The stock market keeps going up and it likely will for the time being until expectations turn negative. We’ve discussed the expectations that appear to be driving the market right now. Namely, the Federal Reserve has investors’ backs. If things get too dicey, the Fed will step in and serve as an artificial price floor. Whether the Fed can do this into perpetuity doesn’t appear to be relevant right although maybe it should be. That’s a discussion for another post. The other driving expectation is that the economy is on the mend from a very deep recession and will be back on its feet in one to two years. Whether that expectation holds is also a discussion for another post. The main takeaway is the S&P 500 is in an uptrend and is within one-percent of the all-time highs established in February of this year, which in and of itself is remarkable.

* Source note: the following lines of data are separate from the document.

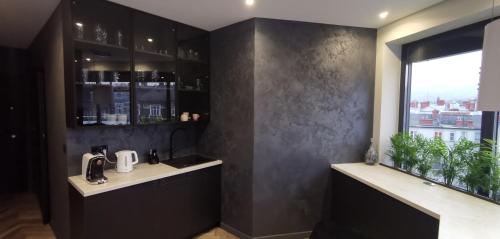 Kuchyň nebo kuchyňský kout v ubytování Moon Apartment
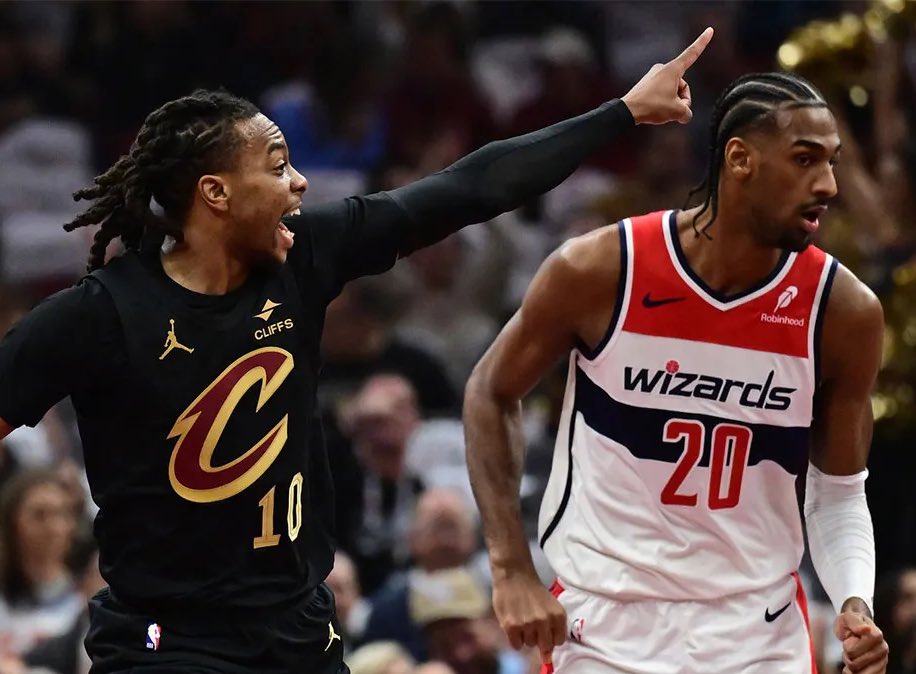 SleeperWizards's tweet photo. RUMORS: The Wizards could be one of the teams interested in pursuing Darius Garland from Cleveland if they look to move on from him, per @JWeinbachNBA 

Imagine this duo in D.C. 👀 https://t.co/kT193w502v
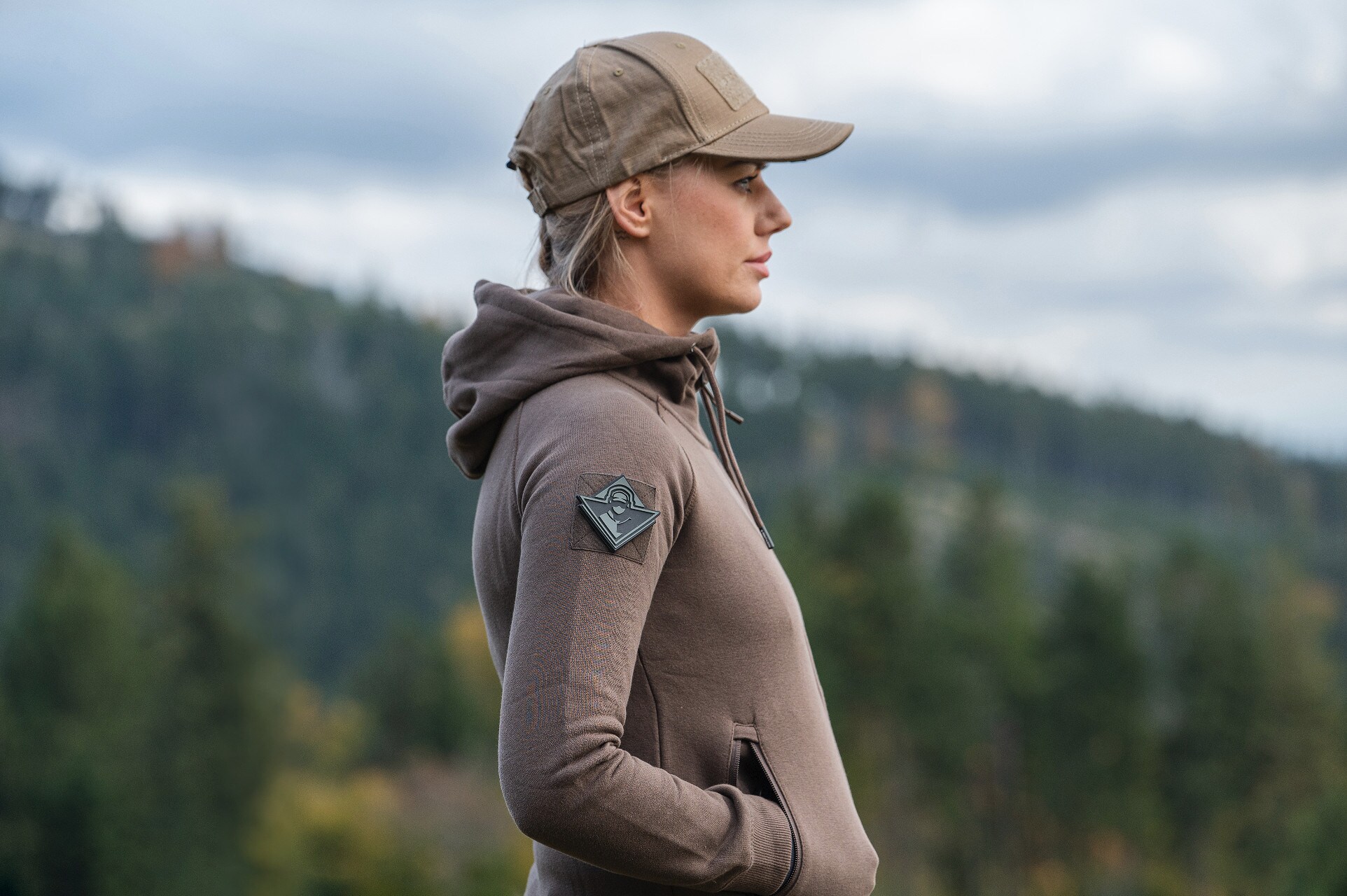 Dámská mikina Pentagon Aphrodite Sweater - Camo Green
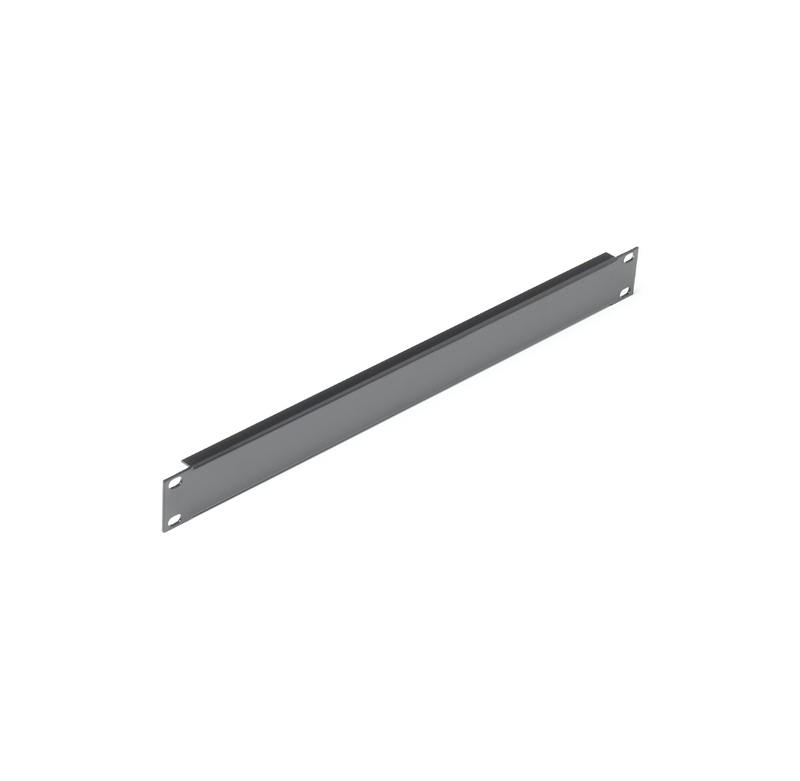 Plaque vierge acier noir 19", 1U Plaque vierge acier
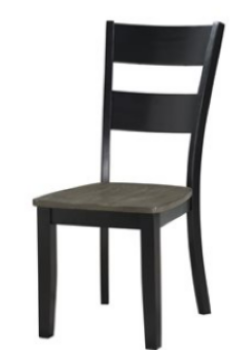 Emerald Merrill Creek Ebony & Charcoal Side Chairs (set of 2)(blemish)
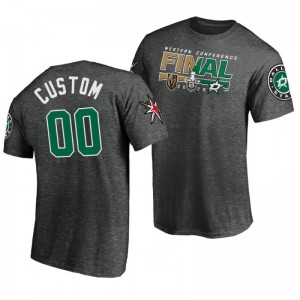 Stars Custom Charcoal 2020 Stanley Cup Playoffs Western Conference Final Matchup Tee - Sale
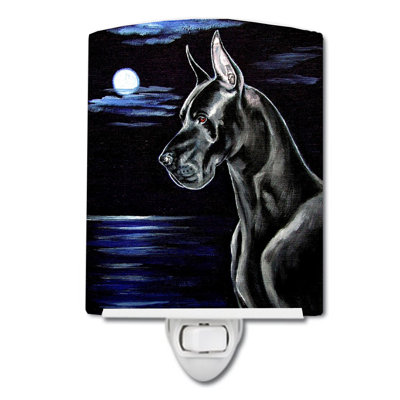 Great Dane in the Moonlight Ceramic Night Light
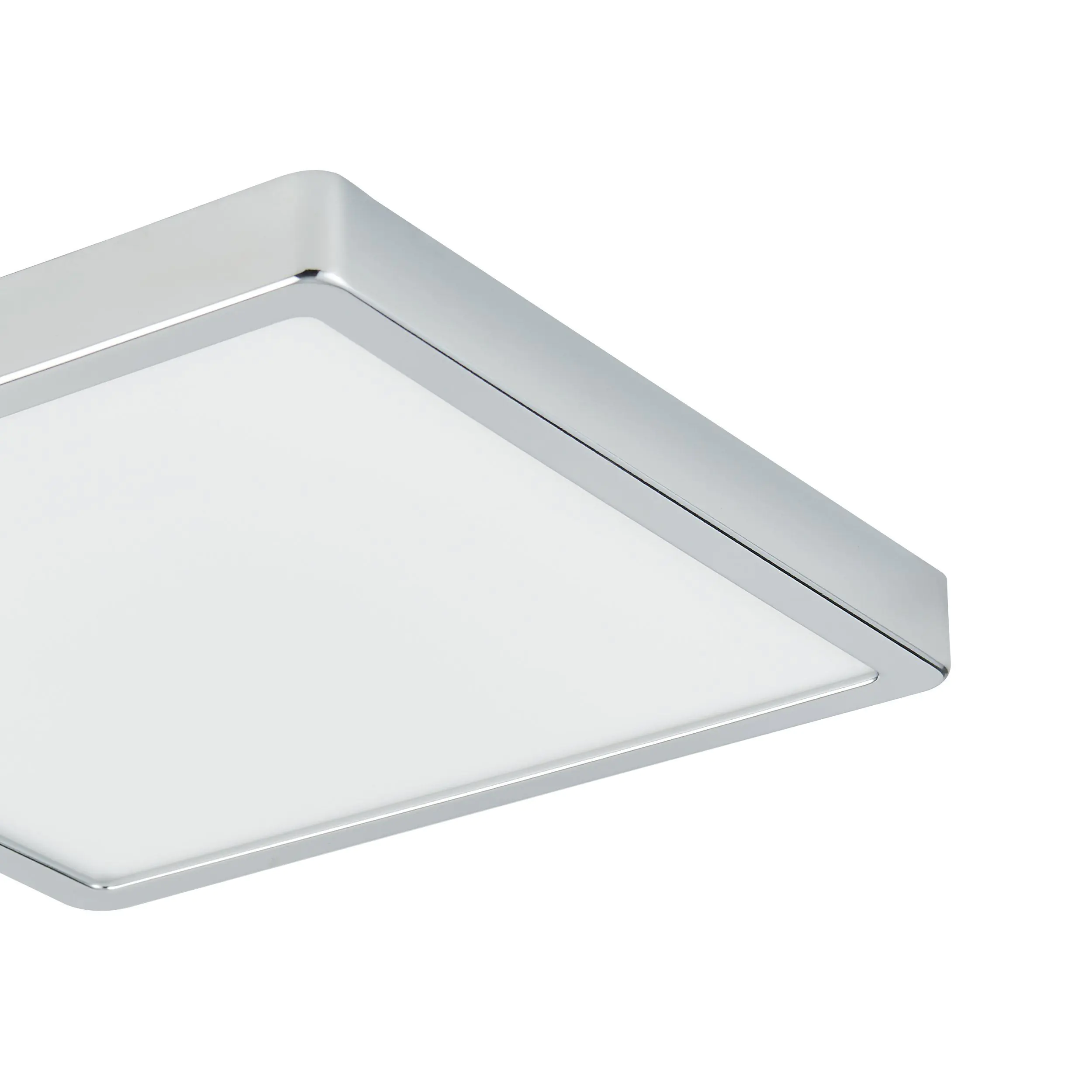 Eglo LED Aufbauleuchte Fueva 5 chrom 28,5 x 28,5 cm neutralweiß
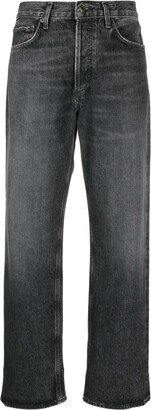 High-Rise Cropped Jeans-AO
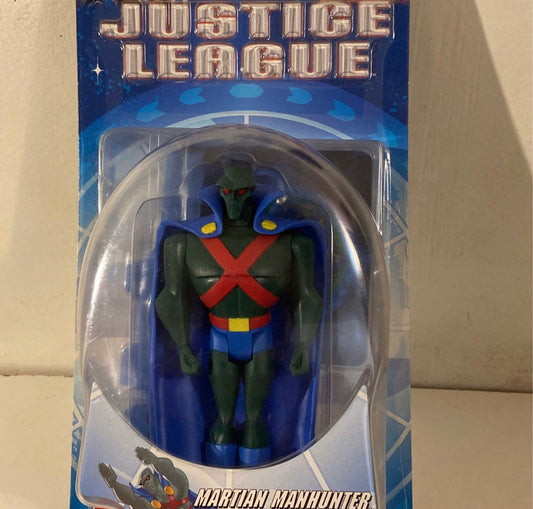 DC Justice League Martian Manhunter Action Figure w/Attack Armor Mattel 2003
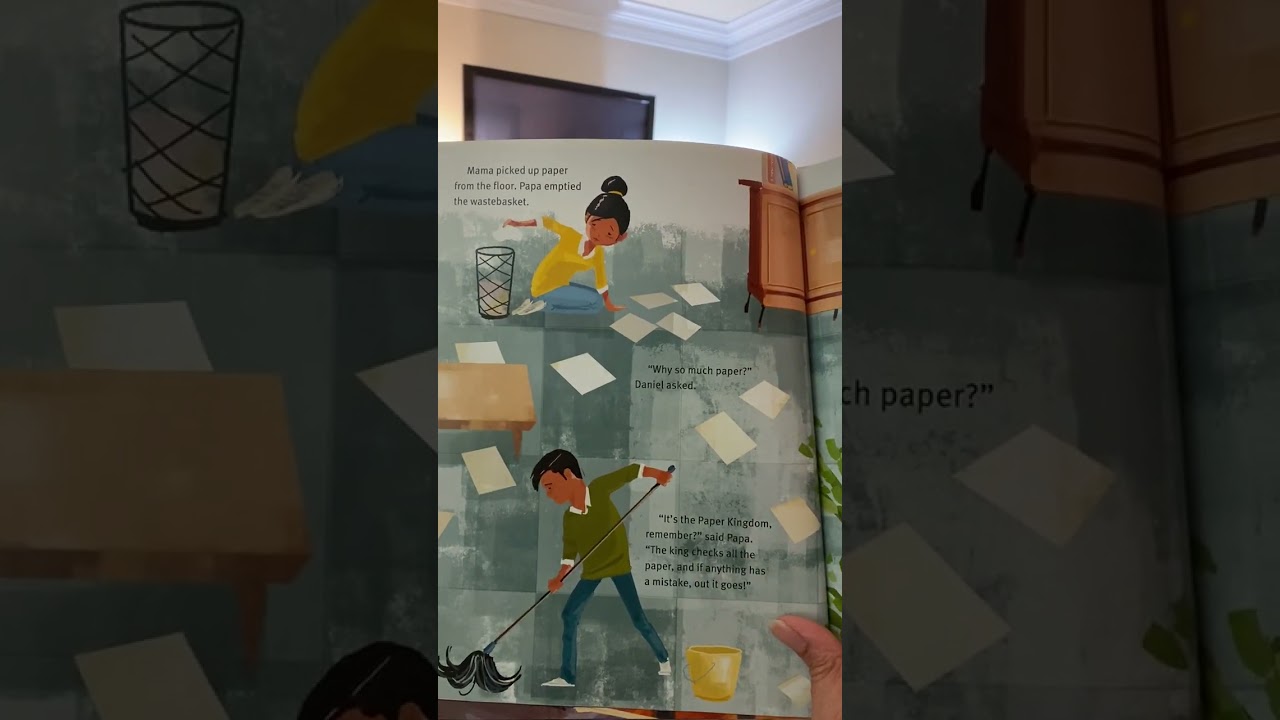 Сказка на ночь «Бумажное королевство». Озвучено Хеленой Ку Ри, иллюстрации Паскаля Кампиона.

Anyway, I wanted to share a few things that stood out to me last week and continue to stand out to me today.
First, per TLRAnalytics, after two consecutive months of strong job growth (9.3m jobs added), we’ve only replaced 42% of the 20m plus jobs we lost in the February to April time frame. We still have a long way to go to put all of those people back to work. This data point raises all sorts of questions such as:
- How many of those job losses are permanent?
- For how long will the government need to continue to support so many out-of-work Americans?
- For how long can the government keep up that kind of support?
Second, according to the Brooking’s Institutions Fiscal Impact Measure, government (federal, state and local) added a net 14.6 points to 2Q20 GDP growth. In particular, the federal government added 21.4 points (state and local government had a negative impact). This point obviously ties in with my first point. Government assistance is critical right now to individuals, families and to the economy at large. Questions that come to my mind related to this point include:
- What happens if Congress can’t come to an agreement on an assistance package?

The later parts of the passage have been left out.